Council opted to not approve $460,000 for an extension of water and wastewater to Beacon Street, Waihola . The reason being that the area was currently zoned rural and based on a realistic estimate of the number of properties, it was considered unlikely that the investment in infrastructure in this area, would be recovered in the foreseeable future.
Council approved $500,000 to bring forward the Kaka Point Reservoir renewal project to the 2022/23 Year (funded from urban water by way of a loan). The Richardson Rural Water Scheme Committee requested that this be bought forward to coincide with the other reservoir upgrades around the district therefore providing better pricing and increased capacity for the Kaka Point Township.
Funding of $50,000 has been approved by Council for the balance of the previous earmarked “Provincial Growth Fund” (PGF) work for the Waiwera South, Waitahuna and Owaka Community Centres. It will now be funded from reserves from each hall and its operating budgets. Unfortunately Council is not able to reallocate underspent PGF funding between hall projects, however the current reserve budgets have been identified as being available reserves to cover these additional costs without requiring a loan or additional rates.
A $50,000 budget has been earmarked for painting and other capital upgrades at the Kaitangata Pool – to be funded from Kaitangata Pool Reserves. Council congratulated the Kaitangata Pool Committee on the work they have done.

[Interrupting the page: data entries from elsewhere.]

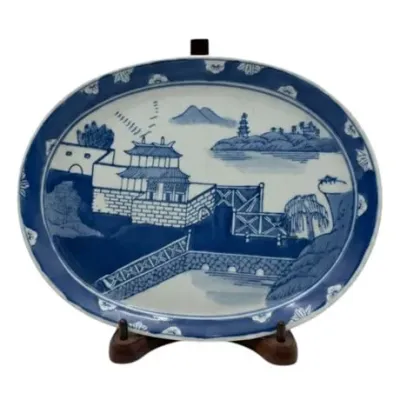 Lot 096   
Chinese Export Canton Blue and White Oval Platter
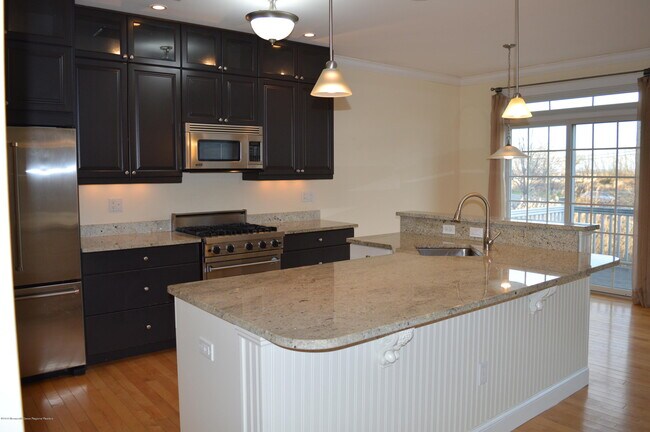 Foto del edificio - 606 Park Ave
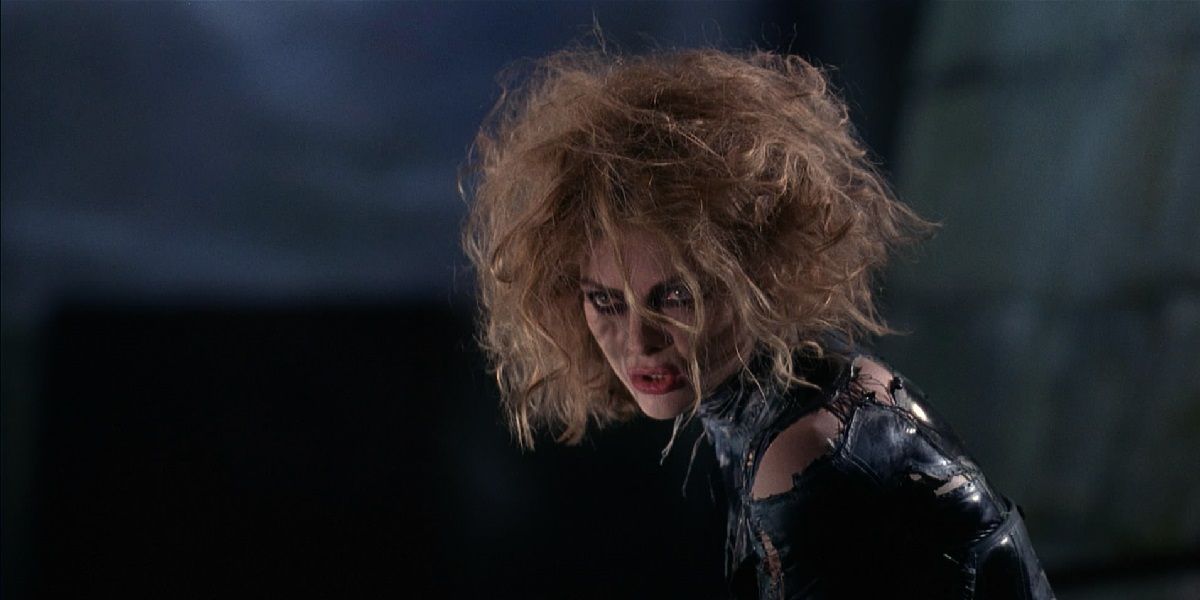 Catwoman without her mask in Batman Returns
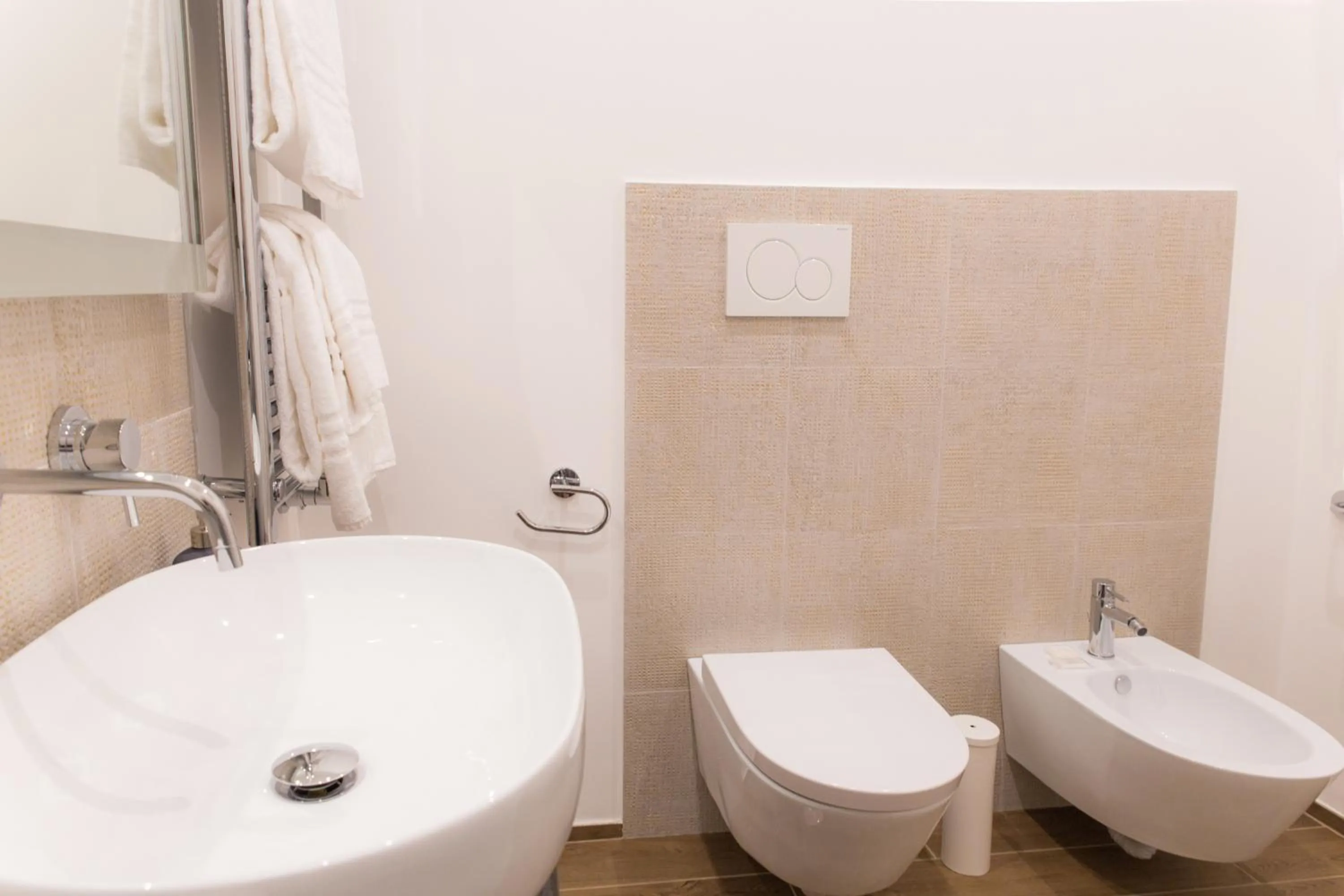 Bathroom in Nazionale Palace Suites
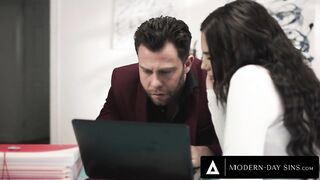 MODERN-DAY SINS – PAWG Client Violet Starr Keeps Getting Rough Fucked After His WIFE Comes Home!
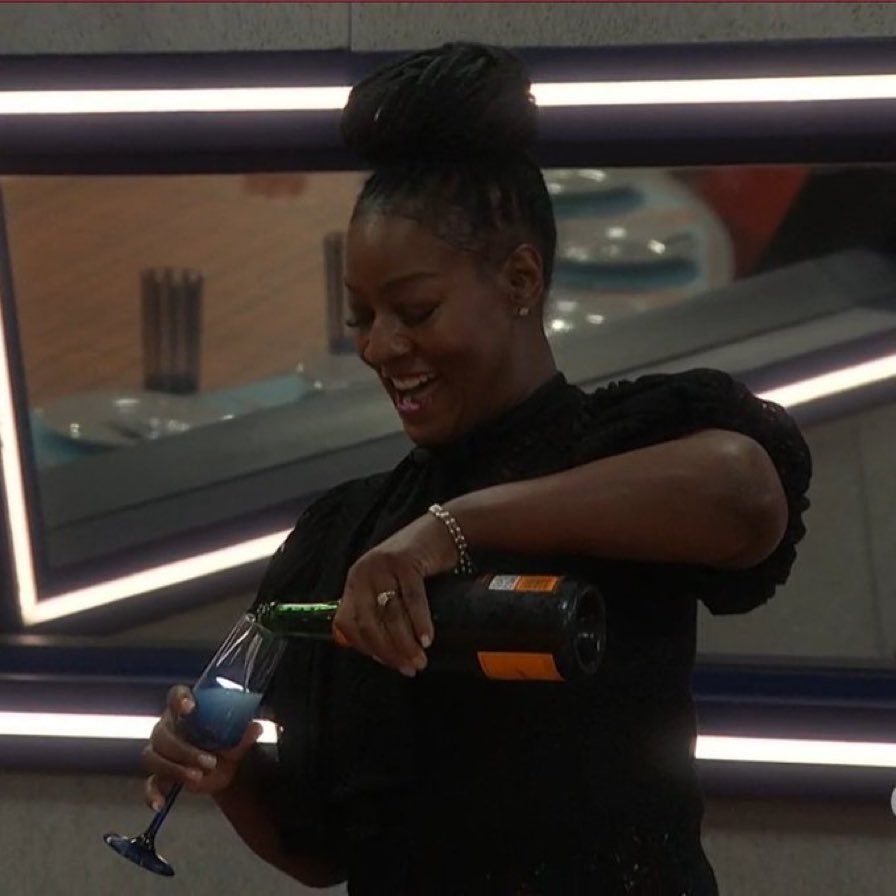 Gia Worthy ❤️🖤💚 tweet media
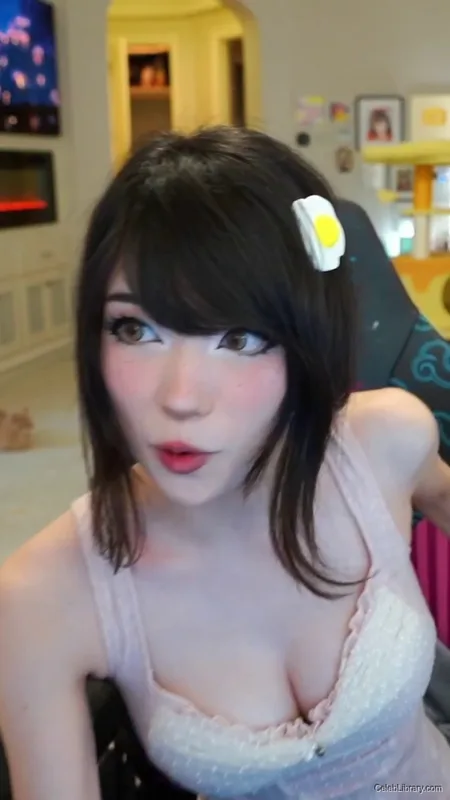 Emiru photo 16 of 4918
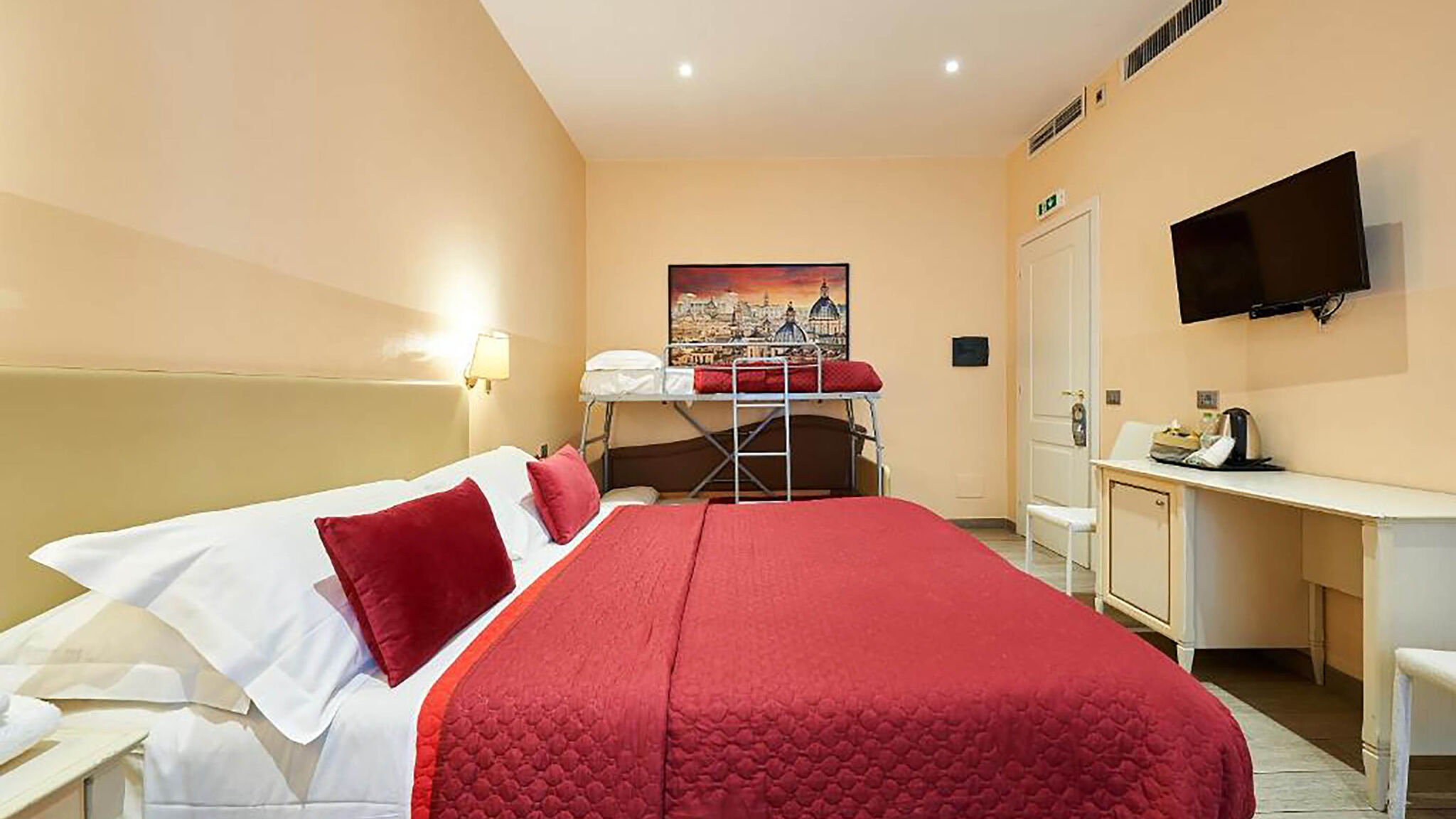 Italianway Roma Catone Vatican Suites - Camera 4 by Ghor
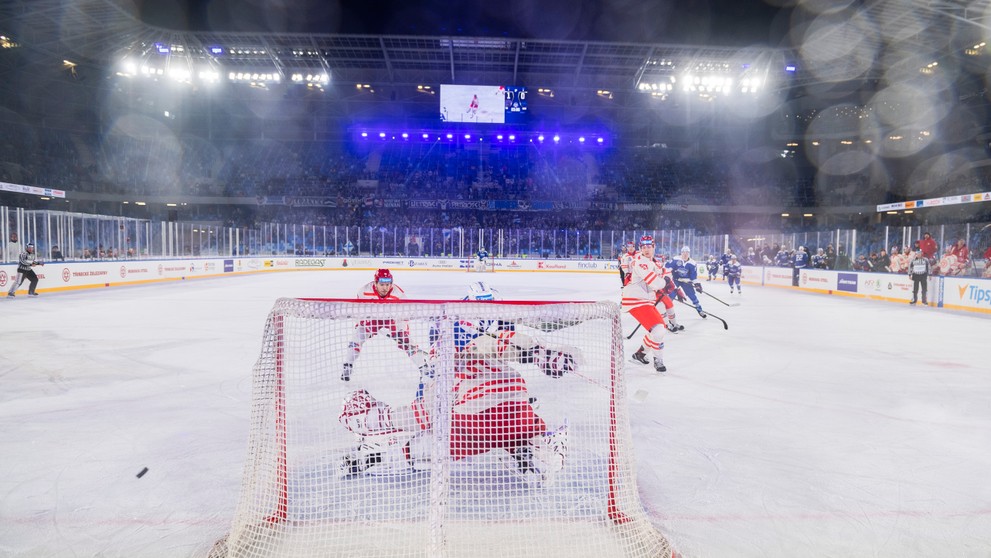 Na snímke brankár HC Oceláři Třinec Ondřej Kacetl sleduje puk počas zápasu na hokejovom podujatí Kaufland Winter Games HC Oceláři Třinec - HC Kometa Brno.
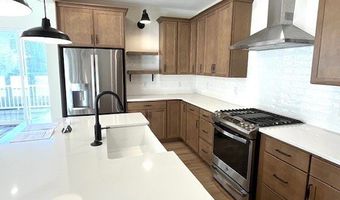 2408 Merriment Dr, Amherst, OH 44001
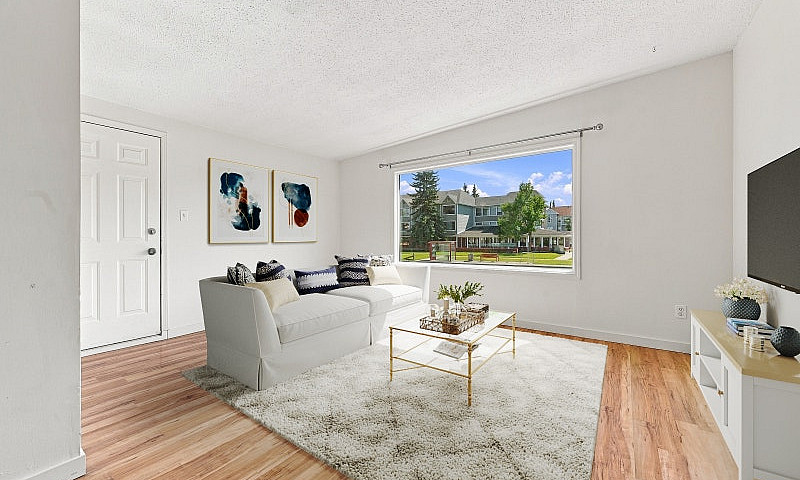 Great Condo In The H...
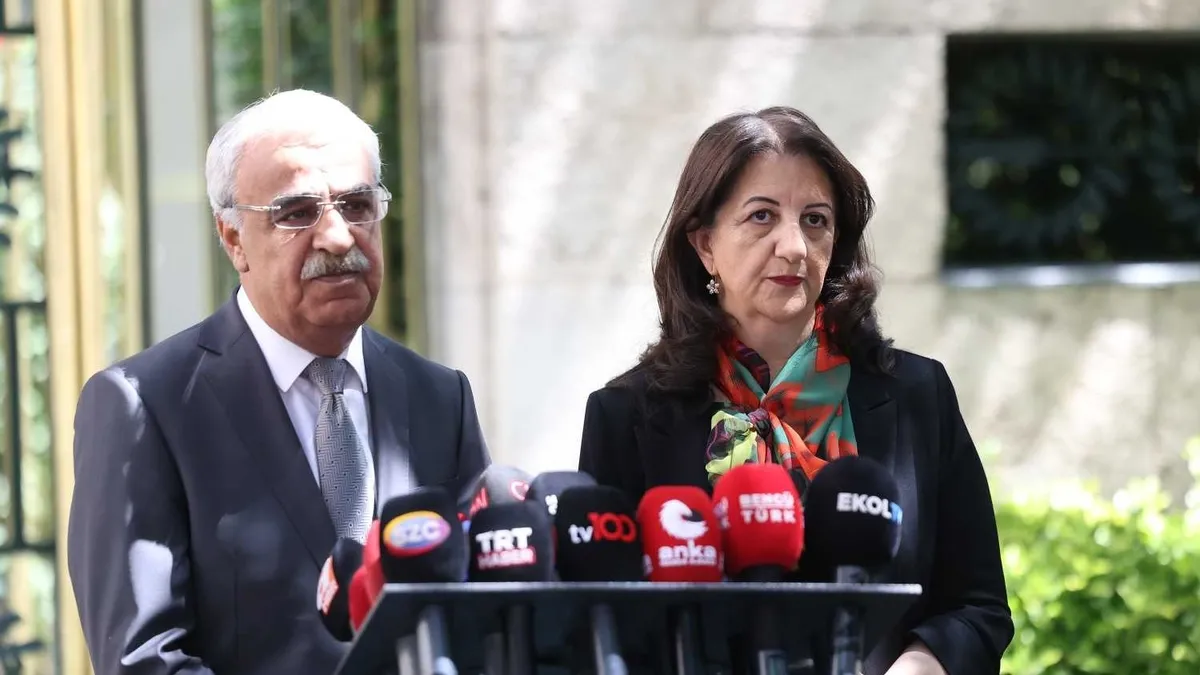 DEM heyeti yeniden İmralı'ya gidiyor: Teröristbaşı Öcalan ne mesaj verecek?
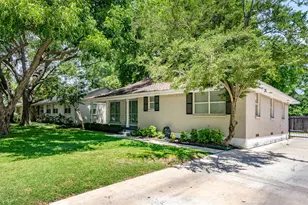 6933 Wake Forrest Dr, Dallas, TX 75214 - Photo 26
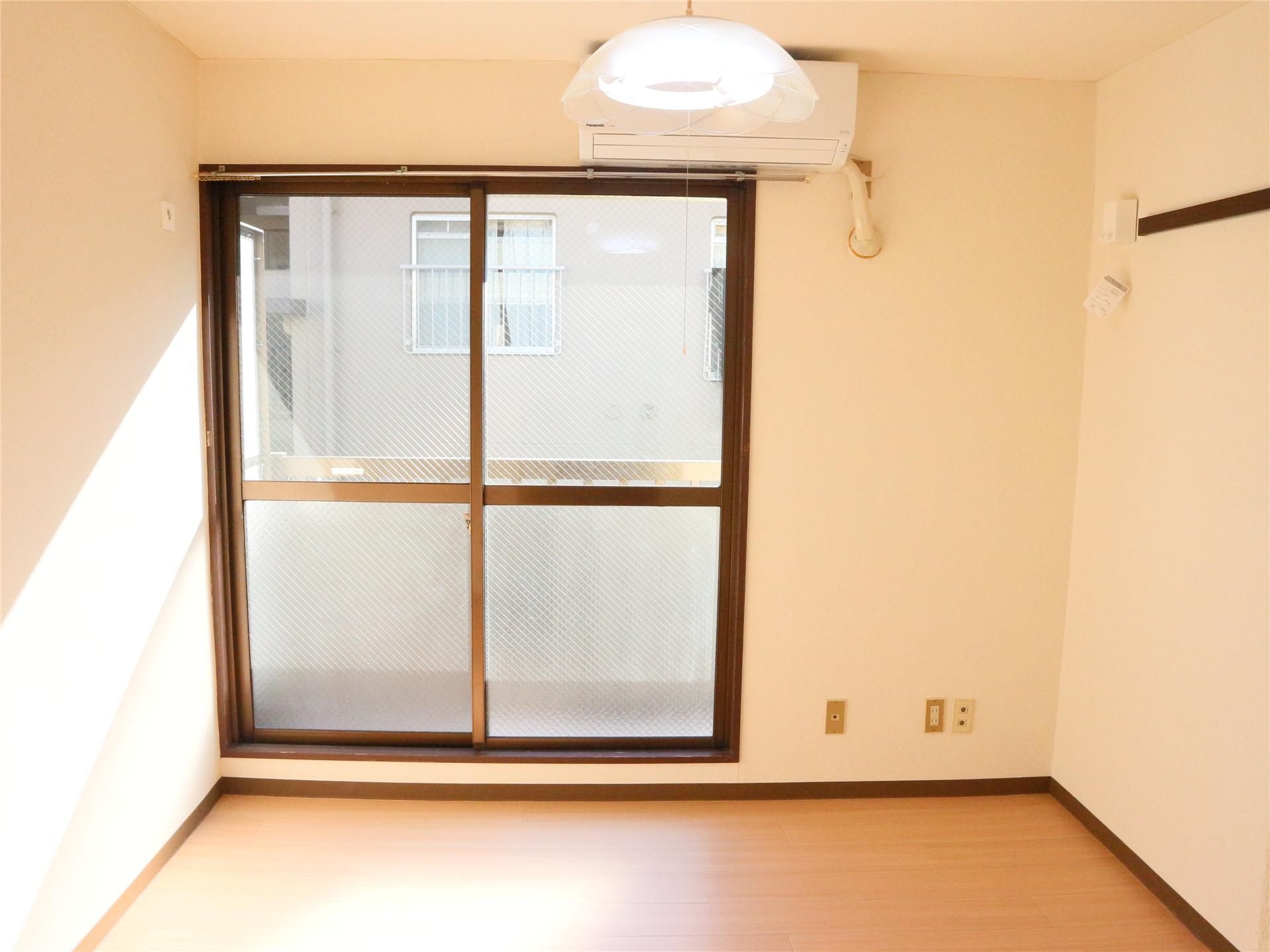 居室・リビング　同建物別のお部屋のお写真です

Final minor adjustments to overall financials will be made by Council staff to ensure the budgets approved by Council at the Annual Plan Decisions meeting include an overall rates change of below 4% and meet the 30% cap (applied to the uniform annual general charge and other targeted rates) which is required under section 21 of the Local Government (Rating) Act.
Council staff will now update the proposed 2022-23 Annual Plan in preparation for it to be adopted at a Council Meeting on June 23, 2022.